Let's see here. I have things to say but I don't know where to begin. I have things on my heart but I don't know which words should be used to best describe them.
I rode my bicycle today. I am getting used to new things. Shifters, saddle and handlebar placement. Settling into this contraption that propels me from one place to another. From one season to another... I remember riding different bikes. How much we really do get to know ourselves and our bodies when it comes down to riding on something that is not the one God truly blessed you with. Almost like a wand from Olivanders.
I recalled my first ever team ride heading to Seattle and how exciting yet odd it felt. I remembered the feeling as we rode to Rockaway beach and ran to the ocean. How much life changes in 8 weeks. I put my fingers up and 8 is not 10. But 8 is still a lot. and with in that 8 weeks new discoveries were made and it will happen again and again and again through out even shorter seasons of life.
I hit the road in less than two weeks to begin the trek from Minnesota to Washington (washing tongue).

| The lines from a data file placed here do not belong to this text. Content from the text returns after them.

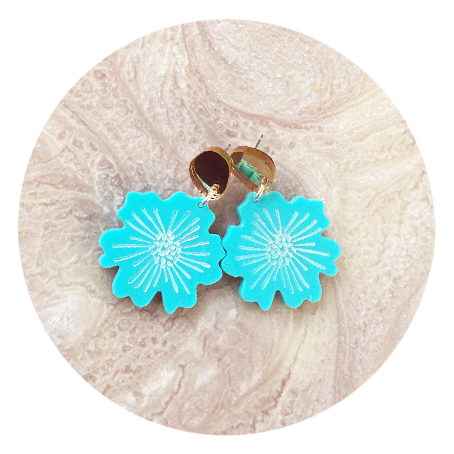 Floral Drops (Turquoise)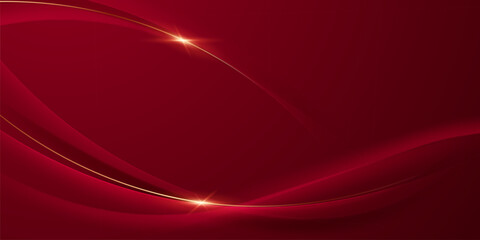 red background design With luxurious effect elements Vector illustration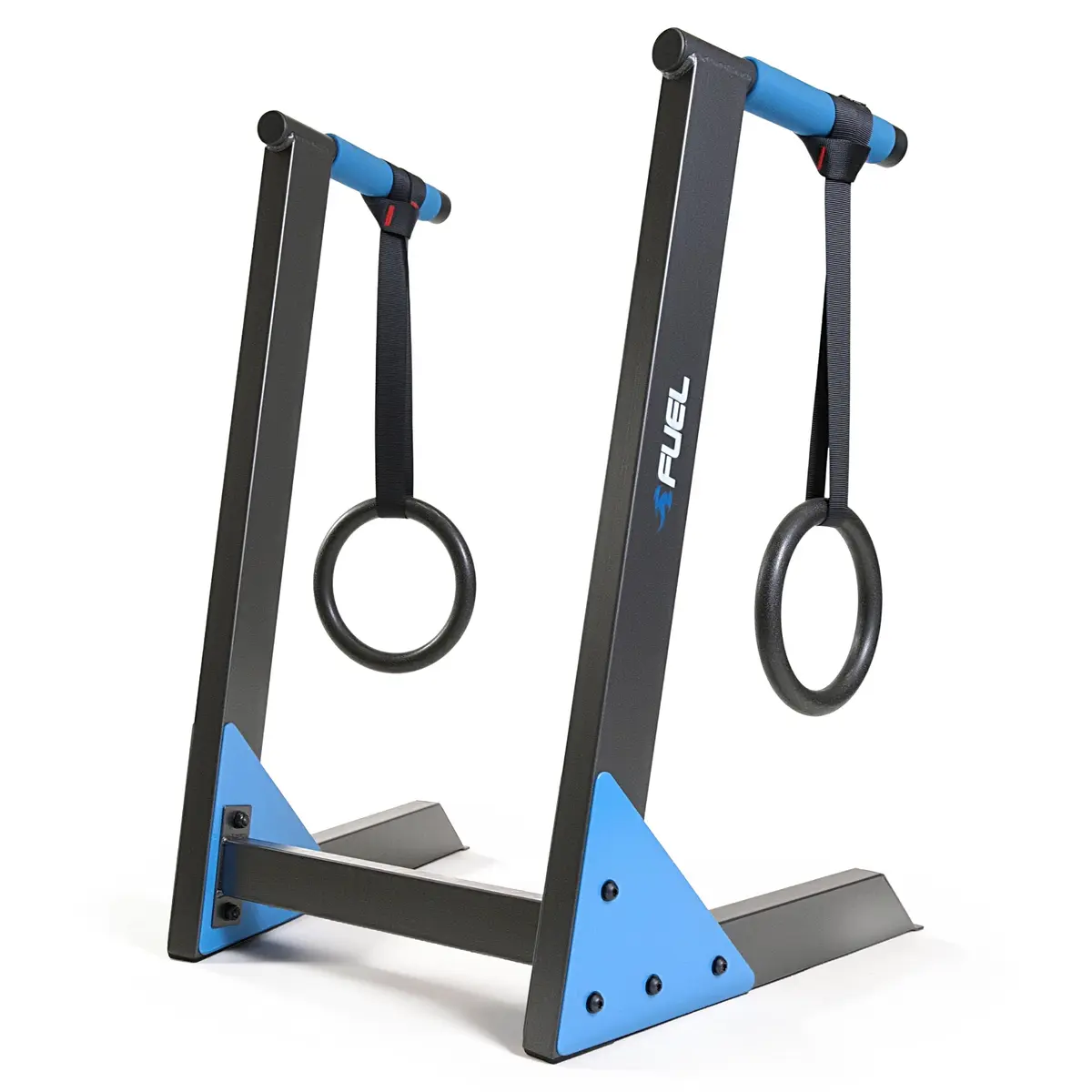 Fuel Pureformance Deluxe Dip Station with Olympic Rings | Heavy-Duty Steel Bodyweight Trainer (29.92" x 24.8" x 38.58") - main product image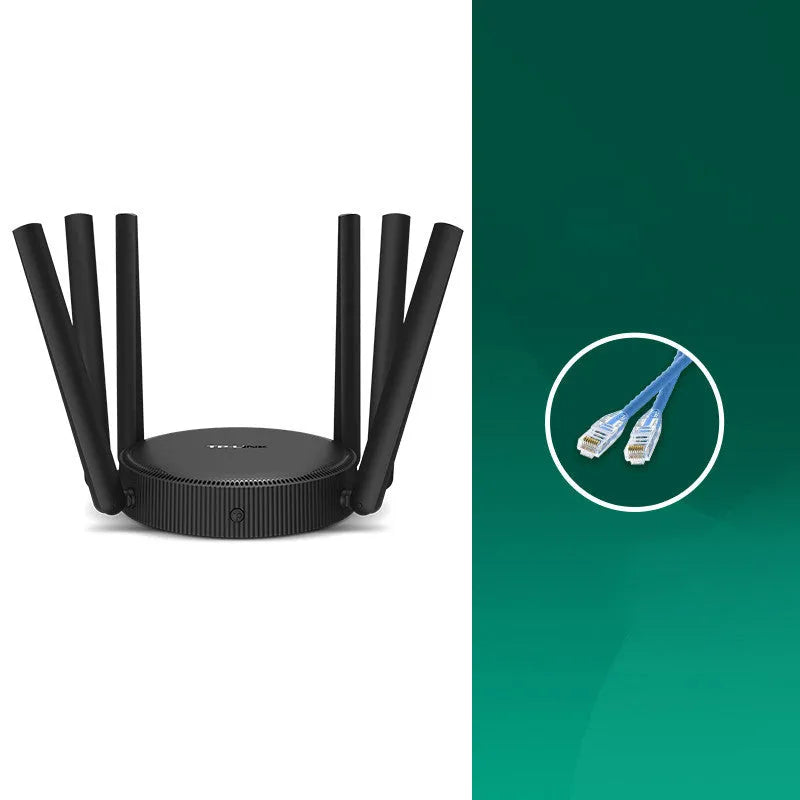 TL-WDR7661 AC1900 Gigabit wireless router with compact black chassis measuring 254mm wide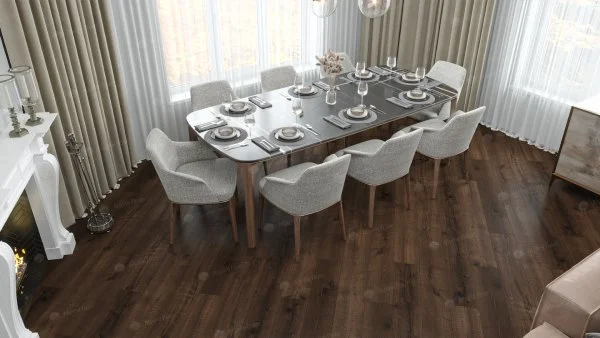 Каменно-полимерная плитка Alpine Floor Real Wood Дуб Мокка ECO 2-2, 6 мм 43 класс в Воронеже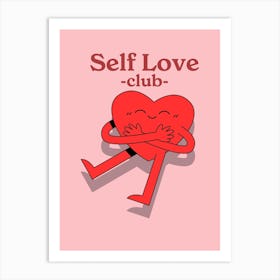 Self Love Club Art Print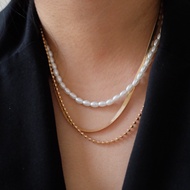 Ark.co - DAMIA Layer Necklace | Cuban statement chain necklace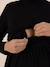Robe pull grossesse en maille fine Fanette Ls ENVIE DE FRAISE noir 2 - vertbaudet enfant 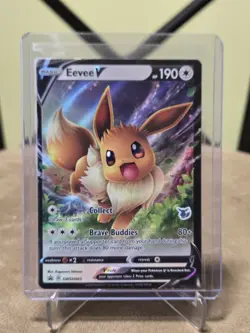 Pokemon Eevee V Sword & Shield Promo Holo SWSH065 HP190 TCG - Image 1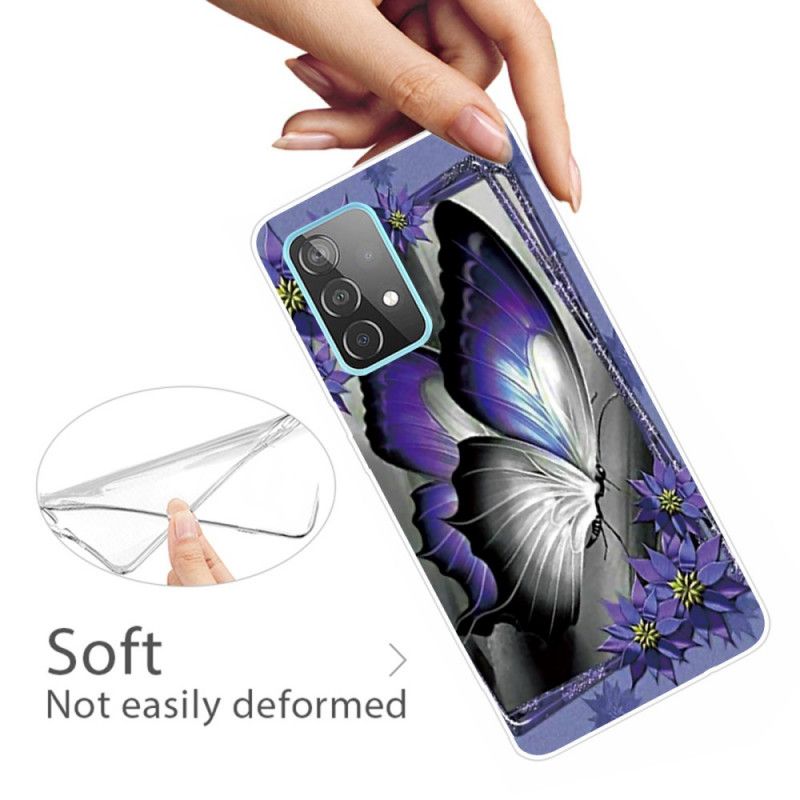 Deksel Samsung Galaxy A72 4G / A72 5G Kongelig Sommerfugl Beskyttelse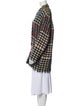 Isabel Marant Virgin Wool Tweed Pattern Coat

I've begun packing up my room into the same boxes I pack these things into every 6 months it seems, sometimes less. These happenings cause me to look into the photographs in which I pin up and tear down often and it is fun to have these people in my room constantly. To have them reminding me who they are, who I am and why I am again diving into this rather nomadic lifestyle, adding another layer of this story to the depths of my soul.
If there is one thing I have realized in my encounter with life, it is this; God is faithful and He knows how we are built and what we need. God continues to put these kinds of things in people form in my life. and I am very excited to begin the trek. Truth, depth and growth. With others who have been delicately placed into our lives. And with the weeks that have been following up to these moments and that will lead up to when we are all standing in the flesh with one another. It will be joyful.
Though I have experienced something like this before. This tour this Summer I have never experienced. Because it hasn't happened yet. So my expectations are simply this, I have none. Just memories of places and faces with the strength and will of God propelling me forward through these miles and smiles of individuals who I will see many layers to their stories and souls as the journey commences. I am already very thankful.
I am already very thankful again that God has given us temples for Him to work through, to strengthen and to show the forces of His love and compassion. He builds the story with in us as we see each hill and make the climb. He builds our hope and sees it through to it's completion. It will be completed. I am thankful for the once in a life time opportunity that has turned into twice. Knowing that I have been given the choice to follow or to disobey. He will push me further and harder than I ever could imagine and I am so thankful for that to know that through suffering there is joy. And through suffering there is triumph and celebration that the hope in which I ride for is the same hope that fuels the lives of so many others.
Let these legs be blessed and His strength and love overflowing through all of us that leaves a trail and soaks those who surround us in these 3,448 miles that we will be propelled across... Like wings on Eagles.